TASK BRIEF:
Each entry should be quoted word for word, including every mark of punctuation.

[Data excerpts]
┄┄┄┄┄┄┄┄┄┄
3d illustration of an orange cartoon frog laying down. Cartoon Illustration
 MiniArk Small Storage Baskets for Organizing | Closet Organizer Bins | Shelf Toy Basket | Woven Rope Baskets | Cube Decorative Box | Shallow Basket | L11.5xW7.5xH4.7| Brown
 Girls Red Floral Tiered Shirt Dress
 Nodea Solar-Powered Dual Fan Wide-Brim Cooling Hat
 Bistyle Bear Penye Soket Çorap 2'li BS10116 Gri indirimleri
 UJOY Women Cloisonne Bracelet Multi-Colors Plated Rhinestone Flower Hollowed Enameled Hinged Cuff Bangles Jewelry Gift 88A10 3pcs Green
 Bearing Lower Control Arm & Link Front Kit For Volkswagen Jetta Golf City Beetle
┄┄┄┄┄┄┄┄┄┄
COMPLETED TASK:
3d illustration of an orange cartoon frog laying down. Cartoon Illustration
 MiniArk Small Storage Baskets for Organizing | Closet Organizer Bins | Shelf Toy Basket | Woven Rope Baskets | Cube Decorative Box | Shallow Basket | L11.5xW7.5xH4.7| Brown
 Girls Red Floral Tiered Shirt Dress
 Nodea Solar-Powered Dual Fan Wide-Brim Cooling Hat
 Bistyle Bear Penye Soket Çorap 2'li BS10116 Gri indirimleri
 UJOY Women Cloisonne Bracelet Multi-Colors Plated Rhinestone Flower Hollowed Enameled Hinged Cuff Bangles Jewelry Gift 88A10 3pcs Green
 Bearing Lower Control Arm & Link Front Kit For Volkswagen Jetta Golf City Beetle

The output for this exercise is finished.